Lisez la critique d'Ariel Herbez dans le Temps:
Des rois nègres en haut-de-forme et réveil en sautoir, des tyrans asiatiques fourbes et cruels aux longues moustaches tombantes, des commerçants juifs cupides au nez crochu, de Flash Gordon à Zig et Puce en passant par le dérapage d'Hergé dans L'Etoile mystérieuse, la bande dessinée du début du XXe siècle fourmille de clichés colonialistes, paternalistes, racistes ou antisémites.

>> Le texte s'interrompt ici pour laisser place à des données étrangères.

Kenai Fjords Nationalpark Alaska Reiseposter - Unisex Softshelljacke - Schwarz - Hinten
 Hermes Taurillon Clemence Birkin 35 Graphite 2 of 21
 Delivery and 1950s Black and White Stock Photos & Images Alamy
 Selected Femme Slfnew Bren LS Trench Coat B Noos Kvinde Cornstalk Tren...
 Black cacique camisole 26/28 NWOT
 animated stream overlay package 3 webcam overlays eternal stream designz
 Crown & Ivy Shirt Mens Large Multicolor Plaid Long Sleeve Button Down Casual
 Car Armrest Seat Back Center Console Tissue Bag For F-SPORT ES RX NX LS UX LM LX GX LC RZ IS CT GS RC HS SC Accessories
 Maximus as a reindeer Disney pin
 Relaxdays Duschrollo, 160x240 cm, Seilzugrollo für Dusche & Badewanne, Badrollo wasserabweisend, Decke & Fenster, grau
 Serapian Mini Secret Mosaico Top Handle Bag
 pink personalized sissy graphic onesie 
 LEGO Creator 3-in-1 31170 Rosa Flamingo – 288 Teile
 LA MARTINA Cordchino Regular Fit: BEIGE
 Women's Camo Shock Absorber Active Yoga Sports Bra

C'est à une plongée formidablement documentée que nous invite l'exposition Alter Egaux, présentée à Lausanne par le Bureau pour l'intégration des immigrés, dans le cadre d'une semaine d'actions contre le racisme. Imagerie négative et réductrice, mais aussi, progressivement, visions positives et généreuses de la diversité des peuples. Plus de 160 extraits en cases, accompagnés de textes précis et fouillés qui mériteraient une publication, reflètent l'évolution du 9e art, mais aussi et surtout des mentalités et de la société. Jusqu'à la rencontre avec... les Martiens.
«Peu de vrai racisme»
L'intérêt de ce travail de recherche est qu'il ne se contente pas d'évidences hâtives, grâce aux compétences du commissaire de l'exposition, notre collaborateur Roger Gaillard, et de Cuno Affolter, conservateur à la Bibliothèque municipale de Lausanne, qui ont puisé jusqu'aux tréfonds des riches collections de la bibliothèque. Ainsi, aux côtés d'auteurs connus, d'Hergé à Zep en passant par Hugo Pratt, Marjane Satrapi, Art Spiegelman ou les «BD-reporters» comme Joe Sacco ou Patrick Chappatte, on découvre les regards du Gabonais Pahé (édité chez le genevois Paquet), du Serbe Zograf ou de la scénariste ivoirienne Marguerite Abouet.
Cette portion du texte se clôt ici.